“严董,这是您要的笔记。”
严少康将那个绘着卡通兔子的笔记本拿到了手中,他的目光流连在封面上那个抱着胡萝卜的兔子挑了一下眉。
“薇薇小姐的审美和长相好像是不太一样。”
周薇长得极清极艳是难得一见的清冷美人,眉眼间若有似无的冷色更是让人为之沉沦。
这样一朵“高岭之花”竟然会喜欢这种本子,严少康显然是没想到。
但每个人的审美不同,他只是有些意外,却没有嘲笑。
周薇再一次不好意思的垂下了眼睫。
“我下午还有课,就先回寝室了,严董记得估算完价格后告诉我就好,严董再见。”
她不给任何严少康说话的机会,直接道了别后就转身小跑回到了楼里。
严少康手里拿着少女的笔记本多看了两眼后就走到了街边。
张伦早已下了车,他适时的打开了车门跟严董汇报着下午的会议安排和工作,还有需要马上处理的文件。
一如既往地,在工作上一丝不苟的严少康什么都没说,直到张伦上了车后他才戴上眼镜坐在后座上问了一句。
“是你跟周薇说的项链坏了?”
张伦透过后视镜看着严董那锐利又冷冽的眸色不自觉的心虚了起来。
“啊..我看严董好像是有什么话想要跟薇薇小姐聊,所以才找了这个借口....”
“扣除这个月的奖金。”
“好的...严董。”
张伦有些悲痛的看向车窗外的学生们,他收回粘在后视镜上的眼神不得已的开着车载着严董离开了清北大学。
而周薇在回到寝室后也避免不了的接收到了单行敏八卦的眼神,她坐在椅子上嚼着奶茶里的珍珠。
“说说吧,你跟严少康中午干什么了?”
“只是吃个饭而已,严董作为新的代课老师需要之前的课堂笔记,所以才送我回来的。”
单行敏一向不爱太惨和别人的爱恨情仇,她也没多问只是长吁短叹了几句后就将这件事儿轻而易举的忘到脑后了。
至于周薇嘛....她本想着跟严董撇清关系,但现在迫不得已的每周都要见严少康一面。
作为这门课的课代表,她甚至还要偶尔在严少康备课的时候跟他打两通电话。
……
周一中午的下课铃再一次响起,严少康站在讲台前摘下了架在鼻梁上的眼镜。
“下课了,同学们去吃饭吧。”
他这话落,满教室的学生们都松了口气,然后就开始着急忙慌的收拾课本,他们是多一秒钟都不愿意多留在这个教室里。

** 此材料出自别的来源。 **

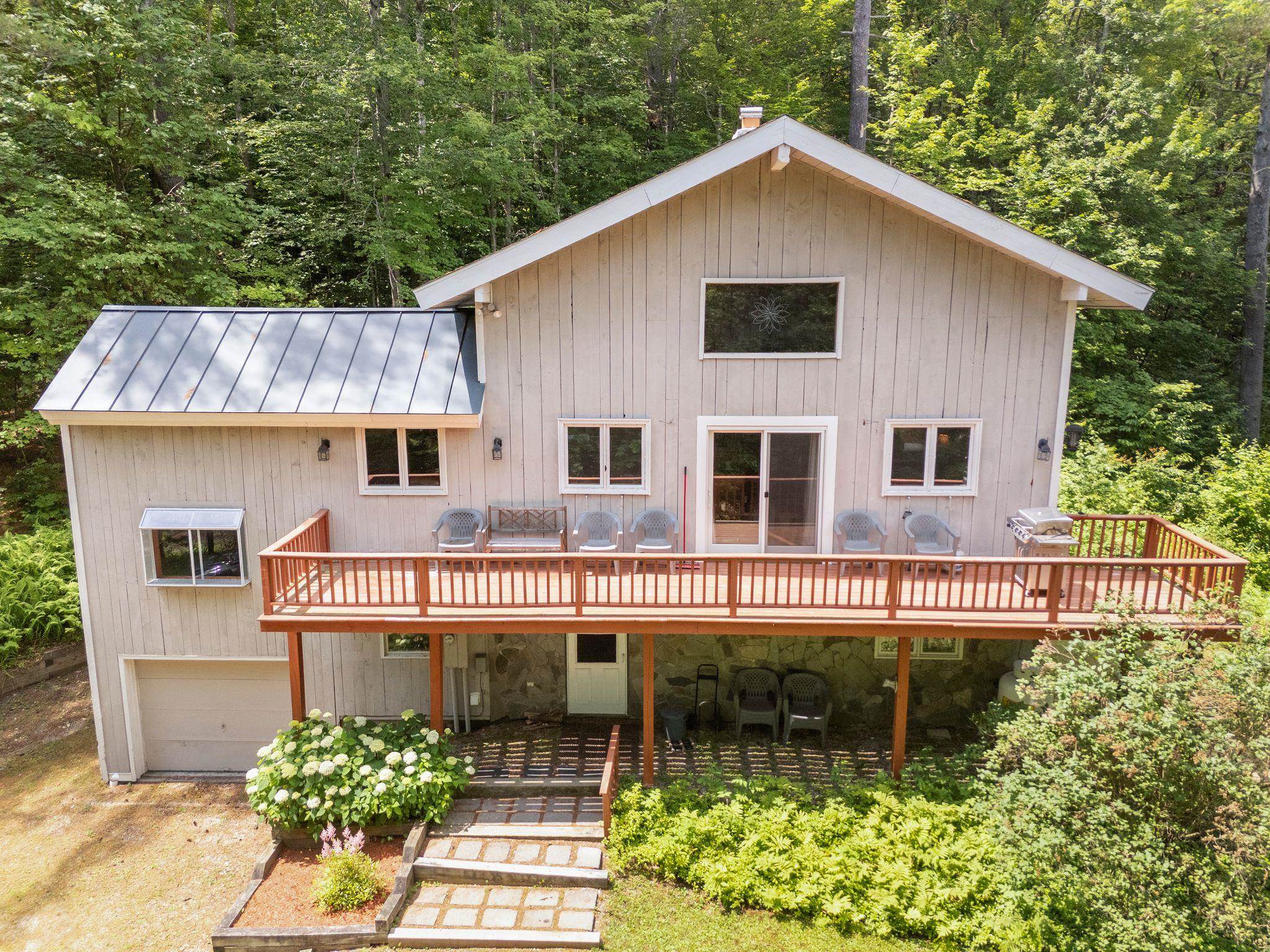 196 Powder Mill Road Londonderry, VT 05148 - Photo 4 of 41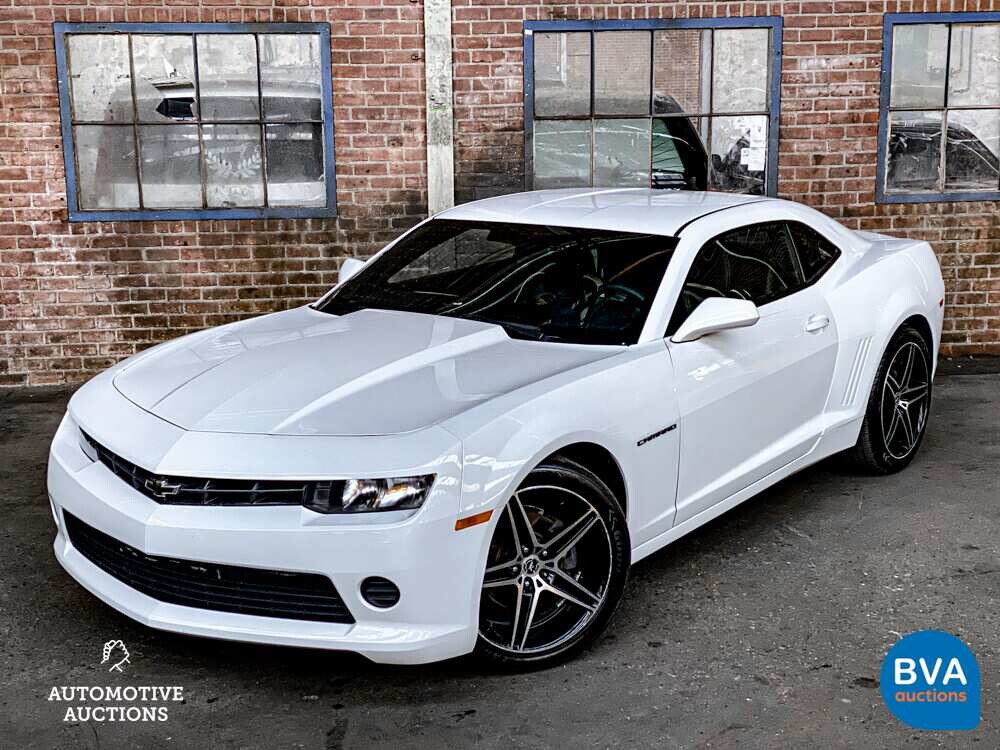 Chevrolet Camaro LS Coupé 323 PS 2014.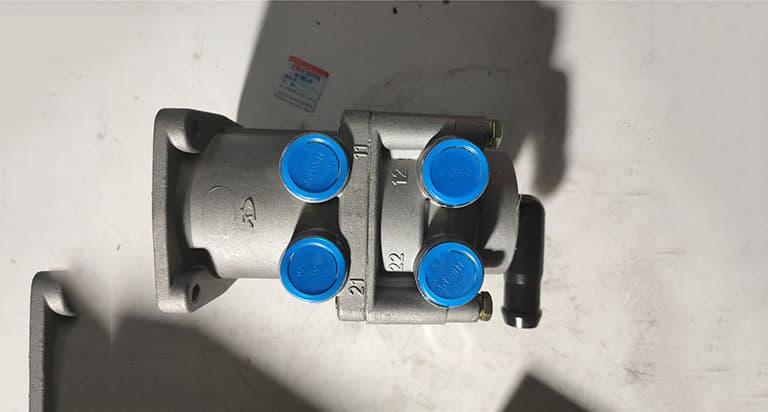 FOOT BRAKE VALVE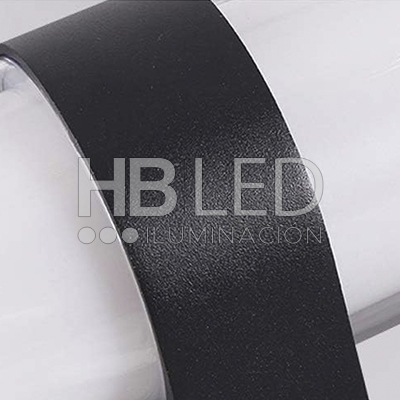 Apliqué de Pared LED Exterior Cilindro 10W Cálido (SKU:36139) https://www.hbled.cl/wp-content/uploads/2025/04/36139-2-sello.jpg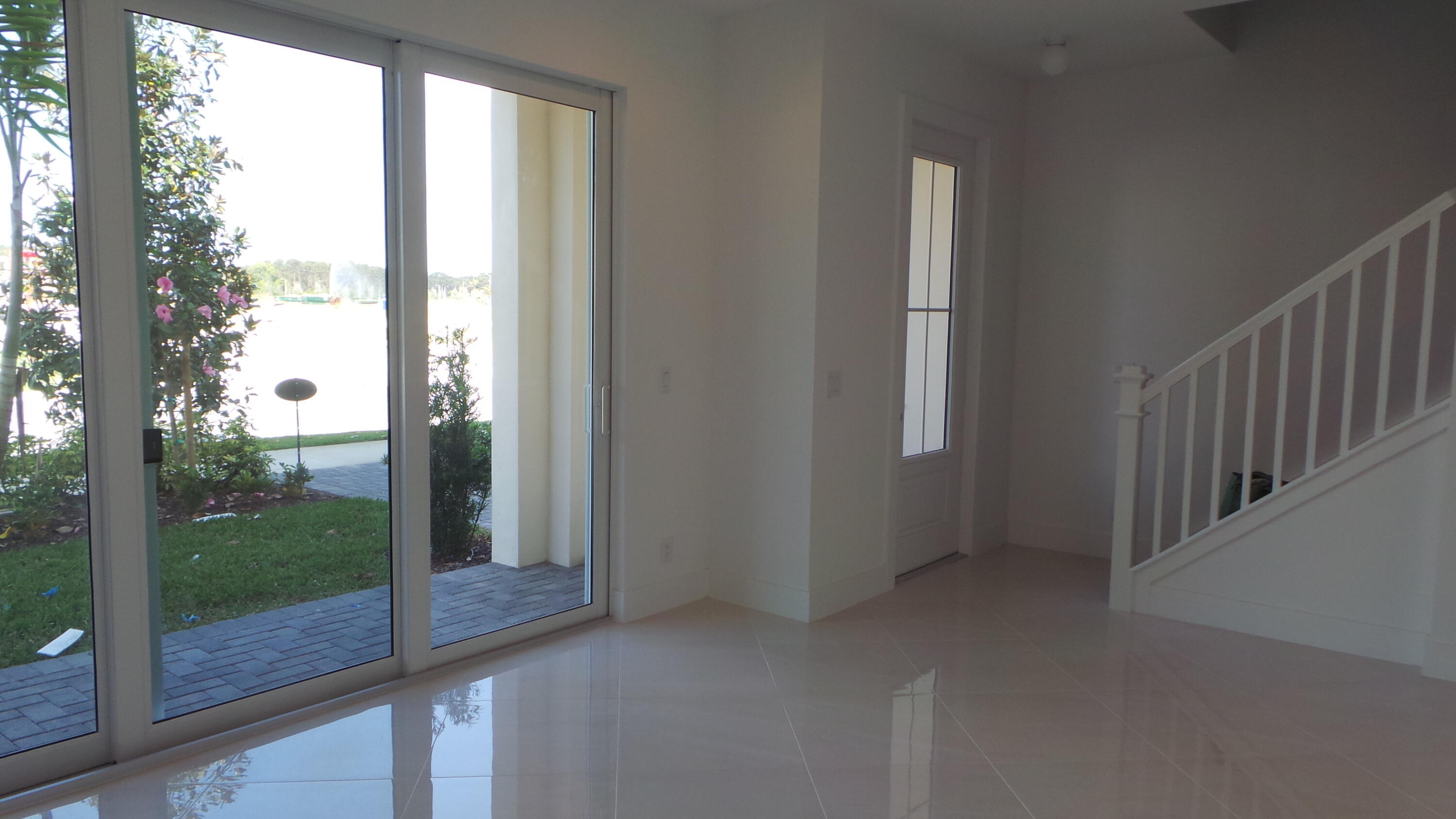 Palm Beach Gardens photo 1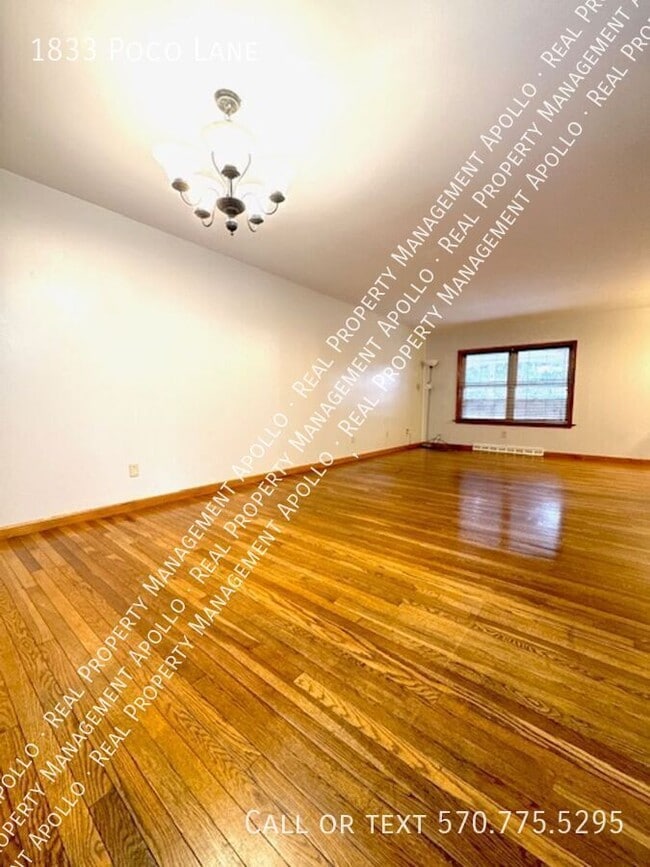 Building Photo - 1833 Poco Ln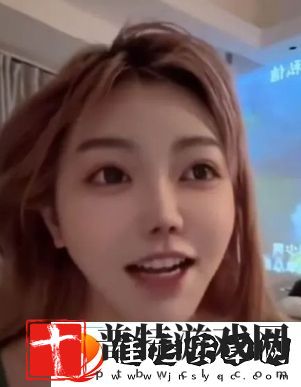 刘飞儿偶遇同城帅哥主播感慨目前年纪大了对方都可以叫自己姨了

不是因为太饿了想要去吃饭,而是因为这位新来的严老师人如其姓,实在是太严厉了。
上课节奏快,速度快,逼得人不能发呆是一个事儿。
上课愿意问一些死亡问题,回答不上来还会罚抄写是另一件事儿。
总之...那些本对严少康还怀着些许少女春心懵懂的滤镜的女同学们现在也是心碎了个彻底。
她们甚至还在背地里悄悄的给严少康取了个“大魔头”的外号。
周薇和单行敏也不例外,她们两个人齐齐松了口气后就开始收拾桌上的课本,严少康就在她们快要离开的时候走了过来。
单行敏这段时间对严少康更没什么好脸色了,特别是这人每周一中午都会想办法拐走周薇陪他吃饭后。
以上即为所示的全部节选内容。